Deflection switched reluctance motors (DSRM) are prone to chattering at low speeds, which always affects the output efficiency of the DSRM and the mechanical loss of the motor. Combining the characteristics of a traditional reluctance motor with the strong nonlinear and high coupling of the DSRM, a control system for a DSRM based on a flexible neural network (FNN) is proposed in this paper. Based on the better robustness and fault tolerance of fuzzy PI control, the given speed signal is adjusted and converted into a torque control signal.
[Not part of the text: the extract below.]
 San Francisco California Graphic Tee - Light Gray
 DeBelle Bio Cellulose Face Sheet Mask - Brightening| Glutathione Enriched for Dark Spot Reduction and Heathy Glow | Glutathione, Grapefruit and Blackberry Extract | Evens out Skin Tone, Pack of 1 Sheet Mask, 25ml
As a result, the FNN control module possesses the strong self-learning ability and adaptive adjustment ability necessary to obtain the control voltage signal. Through simulations and experiments, it was verified that the control system can run stably on DSRM and shows good dynamic performance and anti-interference ability.

Suggested Citation

  • Zheng Li & Xiaopeng Wei & Jinsong Wang & Libo Liu & Shenhui Du & Xiaoqiang Guo & Hexu Sun, 2022. "Design of a Deflection Switched Reluctance Motor Control System Based on a Flexible Neural Network," Energies, MDPI, vol. 15(11), pages 1-16, June.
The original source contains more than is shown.